= René Monclova =

Puerto Rican actor

Félix René Monclova Vázquez (born c. 1959) is a Puerto Rican actor. He is best known for his roles as Eddie in Academy Award nominated film Lo que le pasó a Santiago and as Lolo Bond in critically acclaimed TV sitcom El Condominio.

==Biography==
Monclova was born with an actor's pedigree as both of his parents, Myrna Vázquez and Félix Monclova, were acting legends in Puerto Rico. His older brother, Eugenio Monclova, is also a well-known actor who co-starred with Martin Sheen in The Vessel (2016 film). His godfather is Puerto Rican author and playwright René Marqués, whom he's named after.

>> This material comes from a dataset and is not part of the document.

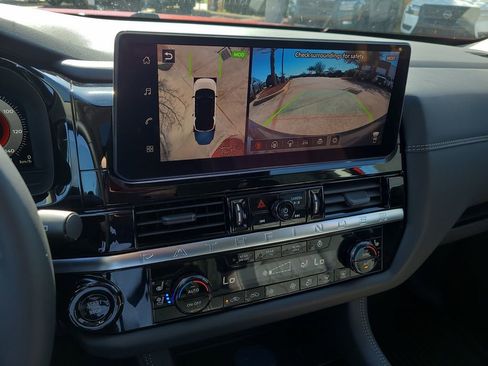 New 2026 Nissan Pathfinder Platinum image 18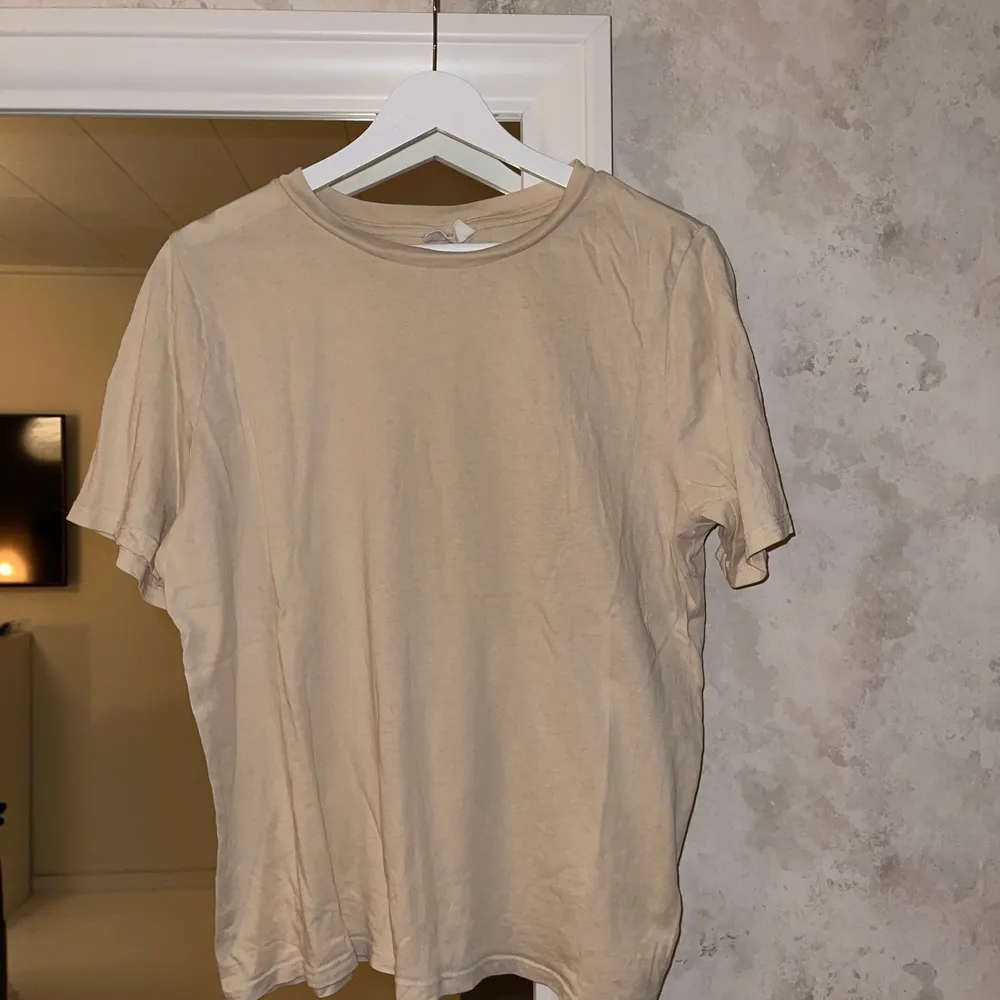 Basic T-shirt från ginatrocot, storlek M. T-shirts.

Monclova spent his early childhood watching his family's work in both theater and television and from a young age expressed interest in following his parents' footsteps. When he was 10 years old, Monclova appeared on his first play, an interpretation of Sacrificio en el Monte Moriah, a play authored by René Marqués. Later that year he would appear on another play authored by Marqués, "Un Niño Azul para esa Sombra", working along Marta Romero.

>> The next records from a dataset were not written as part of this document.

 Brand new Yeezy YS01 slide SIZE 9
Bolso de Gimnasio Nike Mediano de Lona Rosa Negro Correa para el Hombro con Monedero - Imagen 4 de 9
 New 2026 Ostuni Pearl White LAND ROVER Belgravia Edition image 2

As a teenager, Monclova participated in multiple high school plays and went on to study theater at the University of Puerto Rico, Rio Piedras Campus. He later applied and was accepted into law-school, however he dropped out as by that point he had already become a father and was struggling to make ends meet. He became a full-time theater actor in the late 1970s.

By the early 1980s Monclova had become a well established actor in Puerto Rican theater circles, however he still struggled to find television work, which he felt would provide a more steady income.

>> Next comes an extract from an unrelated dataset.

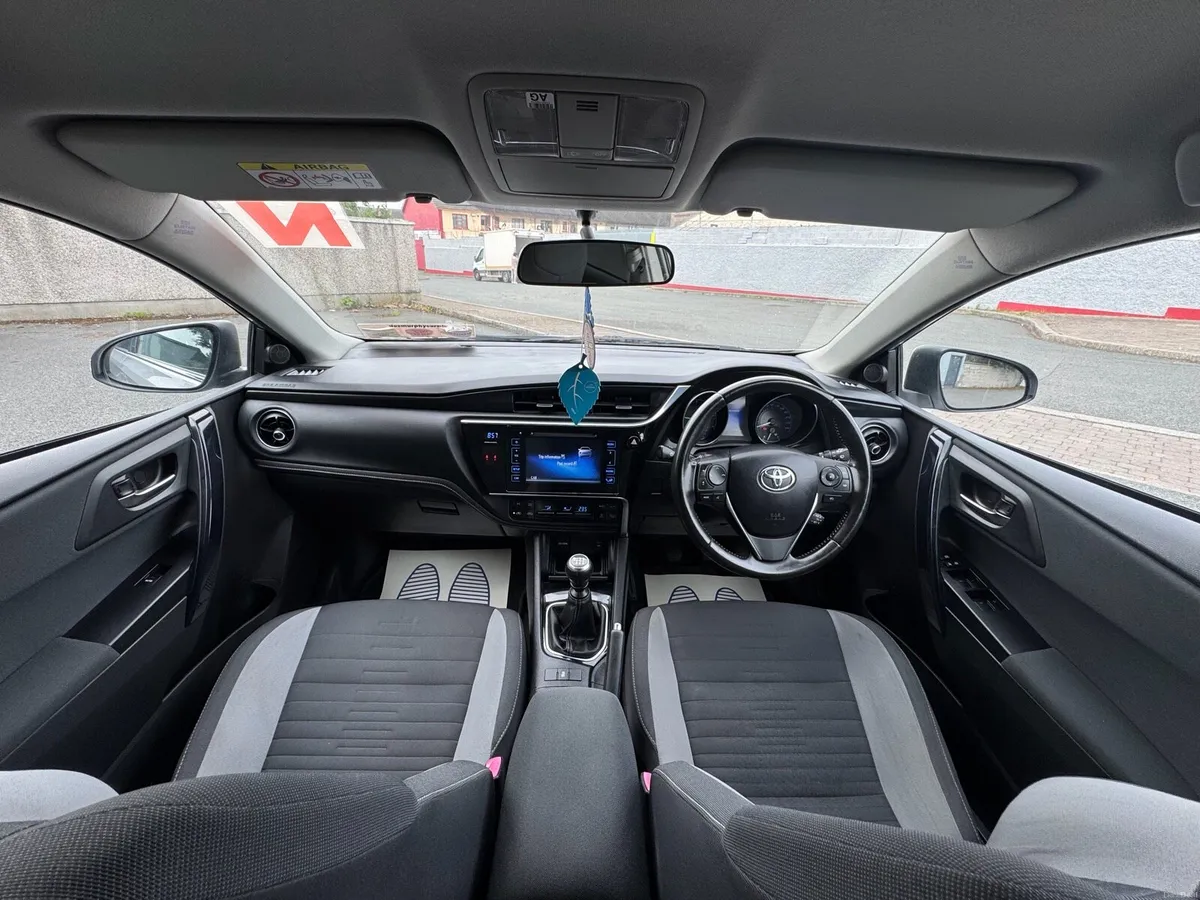 Toyota Auris - Image 5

In 1989 Monclova starred in Jacobo Morales film Lo que le Pasó a Santiago which received an Oscar nomination. This newfound exposure led to his recruitment into television show "Qué Vacilón" working alongside Puerto Rican comedian Raymond Arrieta, where he remained from 1990 to 1995. In 1992 producer Tony Mojena created a comedy named Los Apartamentos for Telemundo where Monclova was cast as "Lolo Bond", which would become his best known character.

In 1993, Monclova was part of the supporting cast in Rafo Muñiz's play, La vida en un beso, receiving favorable reviews.

While the Los Apartamentos show became an instant hit and established Monclova as a household television star in Puerto Rico for decades to come, his theater acting career also continued to grow. In 1994 however, Mojena decided to cancel the show, and co-producer Sunshine Logroño relauched it on rival network Televicenro under the name El Condominio ("The Condominium"). The entire cast followed Logroño in what would later prove to be very controversial move.

While the actors got to reprise their old characters from Los Apartamentos at El Condominio. Meanwhile, El Condominio became such a hit that Logroño went on to produce a theatrical play of the same name which toured most of Puerto Rico's 78 municipalities. Its reach later expanded into the United States when Televicentro debuted on DirecTV by satellite.

Not long after this move, Mojena sued Logroño for copyright infringement claiming that he owned the characters. Monclova and the rest of the cast backed Logroño, stating that the characters were created and developed by the actors themselves and not Mojena. In 2009 Mojena won the lawsuit and El Condominio was cancelled.

Monclova and the rest of the cast expressed disappointment with this decision in an interview with Luis Francisco Ojeda, and most of them continued working with Logroño on other productions such as Club Sunshine, and Por El Casco De San Juan.

In 2014, he joined Raymond Arrieta and Jorge Castro in the WKAQ-TV sketch comedy, Raymond y Sus Amigos, produced by Tony Mojena.

In 2023, he played as the Announcer in the Dominican comedy-drama feature The Method directed by David Maler.

As of 2024 Monclova remains an active stage actor in the San Juan theater scene. He also does voice acting for radio and television commercials and was the official voice for the Caribbean Cinemas movie theater chain.